Beth is also married to a lawyer, but she has been lucky enough to have a child without any problems. The problem for her is that her husband is cheating on her; a fact that she’s having trouble dealing with. She wants to confront him, but she doesn’t have the courage to do so. Instead she resorts to drastic measures to resolve the problem and to simultaneously force his hand into telling her the truth.
There are some obvious similarities looking at even the short synopsis I just gave you. There’s many more as well, but seeing as I don’t want to give away the ending of the book that’ll have to do for now. The further along the stories get, the more facts they seem to share. It raises so many questions. How did Liza write that detail into the book, before she was even informed of it? Is it some sort of crazy coincidence? Is something acting out what she’s writing? Or framing her?

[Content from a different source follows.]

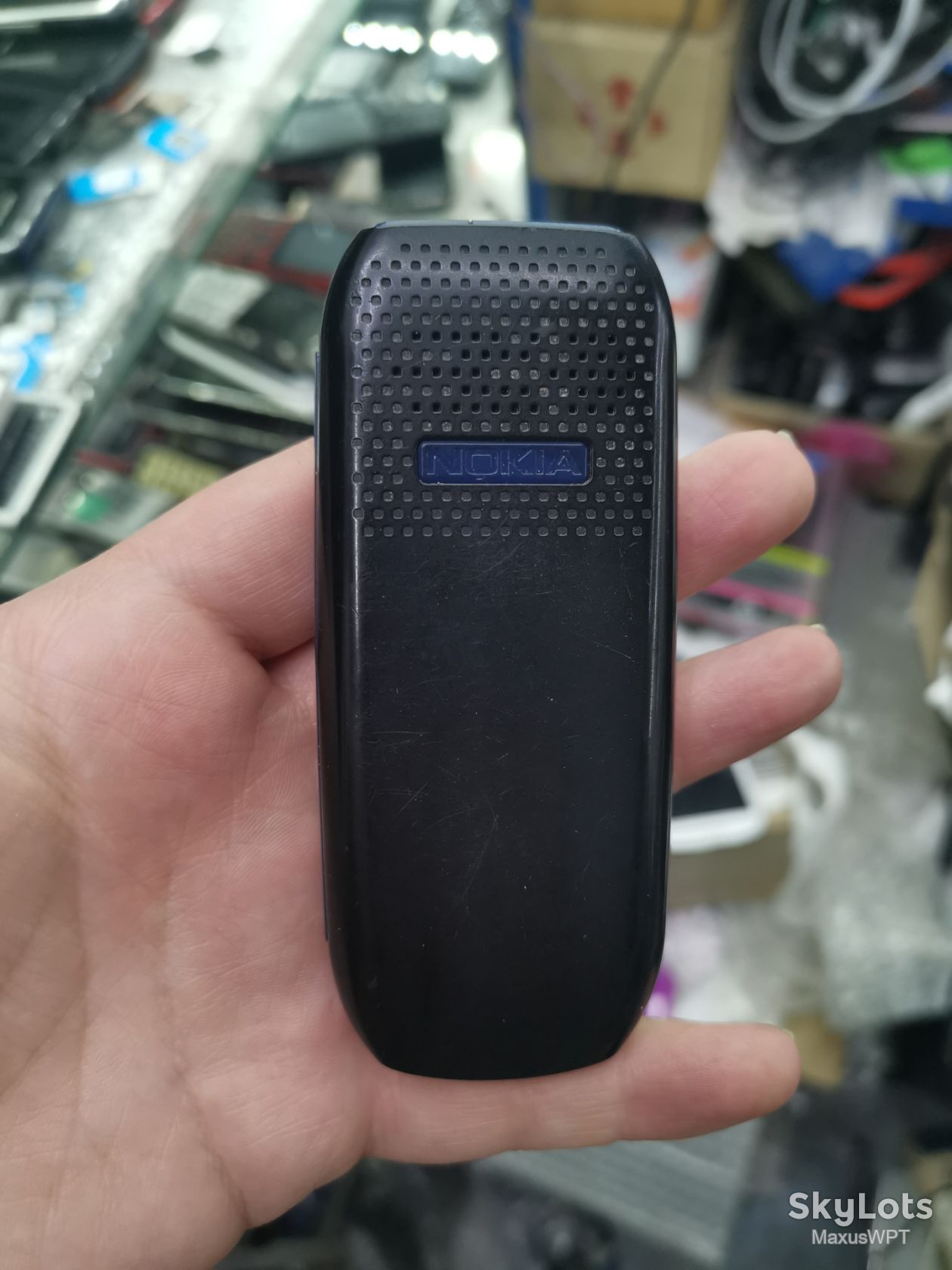 #Shop Nokia 1616 blue  351/6 - фото фото фото 1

I’ll admit I didn’t love the final twist to either story. I feel like there were so many other routes to have taken, as opposed to the one chosen. I don’t want to say it feels lazy, because the author clearly put a lot of work into this book, but it does feel like there was a lacking of forethought. For me it felt like the easy way out, and ultimately that made it lack any real impact.
Despite not loving the ending, I really did enjoy this book. I ended up reading the book (about 300 pages in length) in just a couple of hours. So if you’re looking for a nice book for an afternoon reading session, you really should consider this one.